Activity –
Omit all pictures, then retype exactly the lines from the one that contains "Rasasi Hawas Highness" through the end of the listing.

Material provided –
*****
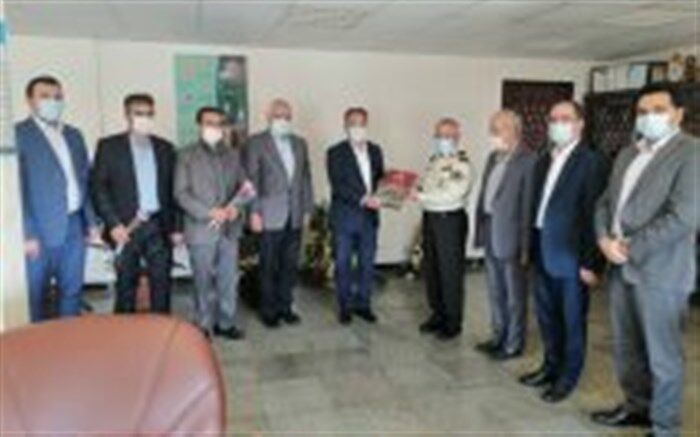 توسعه همکاری‌‌ها و تعامل معاونت گردشگری و نیروی انتظامی آذربایجان‌شرقی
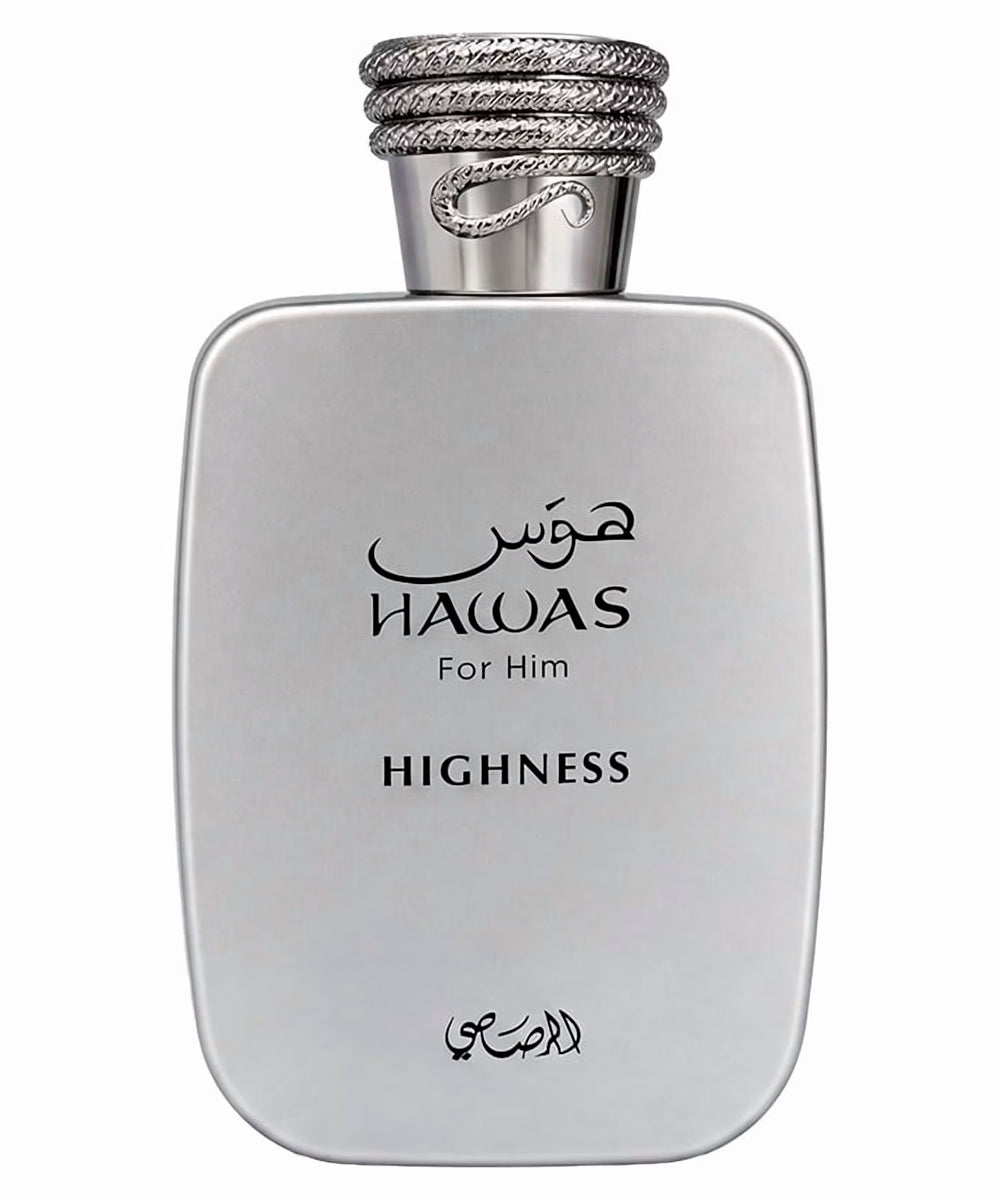 Rasasi Hawas Highness Eau de Parfum 3.4oz For Men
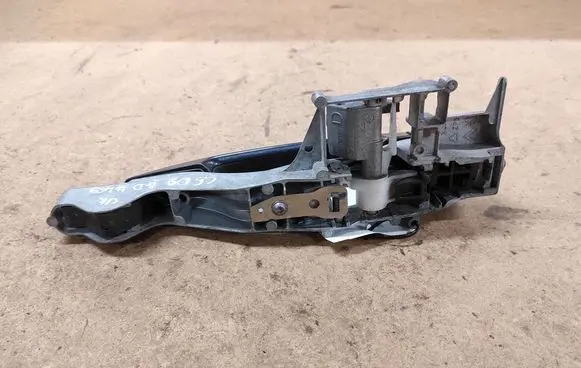 Citroen C5 Rear door exterior handle 9680168580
*****
Written response –
 Rasasi Hawas Highness Eau de Parfum 3.4oz For Men
 Citroen C5 Rear door exterior handle 9680168580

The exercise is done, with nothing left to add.